Your reply must be one number: the count of lines in the data below that contain "with".

====

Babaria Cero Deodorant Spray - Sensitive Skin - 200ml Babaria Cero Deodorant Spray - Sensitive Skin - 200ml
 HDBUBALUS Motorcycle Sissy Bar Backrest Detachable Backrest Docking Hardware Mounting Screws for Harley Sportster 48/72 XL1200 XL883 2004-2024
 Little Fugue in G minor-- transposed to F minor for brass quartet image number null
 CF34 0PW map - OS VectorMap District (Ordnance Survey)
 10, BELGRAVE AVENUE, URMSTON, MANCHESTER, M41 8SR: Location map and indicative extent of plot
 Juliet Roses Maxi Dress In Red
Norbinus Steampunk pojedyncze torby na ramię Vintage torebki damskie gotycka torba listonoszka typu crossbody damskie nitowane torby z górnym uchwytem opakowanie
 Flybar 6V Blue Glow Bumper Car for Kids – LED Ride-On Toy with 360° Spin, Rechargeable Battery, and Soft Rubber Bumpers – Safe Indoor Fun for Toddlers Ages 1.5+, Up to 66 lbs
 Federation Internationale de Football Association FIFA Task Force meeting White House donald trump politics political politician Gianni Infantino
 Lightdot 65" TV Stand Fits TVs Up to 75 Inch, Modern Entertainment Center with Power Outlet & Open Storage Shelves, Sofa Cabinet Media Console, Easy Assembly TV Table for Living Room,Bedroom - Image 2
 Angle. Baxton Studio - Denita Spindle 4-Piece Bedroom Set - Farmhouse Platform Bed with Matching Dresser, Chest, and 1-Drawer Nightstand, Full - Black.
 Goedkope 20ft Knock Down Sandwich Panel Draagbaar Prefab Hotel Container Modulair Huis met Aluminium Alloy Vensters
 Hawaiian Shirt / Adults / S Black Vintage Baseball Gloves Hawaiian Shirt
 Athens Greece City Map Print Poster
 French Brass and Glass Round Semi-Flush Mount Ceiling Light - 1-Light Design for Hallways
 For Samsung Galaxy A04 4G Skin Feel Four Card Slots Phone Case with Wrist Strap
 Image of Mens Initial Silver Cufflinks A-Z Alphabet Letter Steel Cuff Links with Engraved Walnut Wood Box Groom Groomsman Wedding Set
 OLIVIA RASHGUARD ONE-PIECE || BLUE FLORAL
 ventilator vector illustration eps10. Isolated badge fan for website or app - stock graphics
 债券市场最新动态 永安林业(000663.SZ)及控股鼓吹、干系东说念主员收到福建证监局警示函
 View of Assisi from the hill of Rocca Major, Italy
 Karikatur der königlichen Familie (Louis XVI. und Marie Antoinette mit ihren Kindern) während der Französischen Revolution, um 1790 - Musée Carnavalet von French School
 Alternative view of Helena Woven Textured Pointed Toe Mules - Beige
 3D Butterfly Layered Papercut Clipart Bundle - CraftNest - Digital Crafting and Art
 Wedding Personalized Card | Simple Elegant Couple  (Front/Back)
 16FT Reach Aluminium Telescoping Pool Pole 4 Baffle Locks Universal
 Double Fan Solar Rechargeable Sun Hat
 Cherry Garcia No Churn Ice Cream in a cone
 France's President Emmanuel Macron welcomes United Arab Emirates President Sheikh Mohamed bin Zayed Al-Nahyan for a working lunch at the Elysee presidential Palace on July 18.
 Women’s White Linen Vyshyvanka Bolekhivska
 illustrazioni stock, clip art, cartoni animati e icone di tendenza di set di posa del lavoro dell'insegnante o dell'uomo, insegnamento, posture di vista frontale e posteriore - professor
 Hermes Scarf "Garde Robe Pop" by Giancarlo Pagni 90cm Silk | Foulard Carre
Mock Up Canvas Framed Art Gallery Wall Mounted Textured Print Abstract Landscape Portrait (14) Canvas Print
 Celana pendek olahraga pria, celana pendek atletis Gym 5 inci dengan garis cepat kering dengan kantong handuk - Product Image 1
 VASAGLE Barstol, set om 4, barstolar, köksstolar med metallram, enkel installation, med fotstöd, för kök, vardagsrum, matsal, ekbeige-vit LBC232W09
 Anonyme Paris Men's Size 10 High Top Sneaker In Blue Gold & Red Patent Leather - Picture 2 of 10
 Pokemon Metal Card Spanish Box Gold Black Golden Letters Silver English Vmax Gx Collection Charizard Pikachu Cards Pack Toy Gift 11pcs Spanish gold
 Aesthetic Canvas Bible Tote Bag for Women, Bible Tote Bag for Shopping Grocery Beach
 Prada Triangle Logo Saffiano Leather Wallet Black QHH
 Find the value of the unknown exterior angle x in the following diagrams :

====

**Answer to this exercise:**
5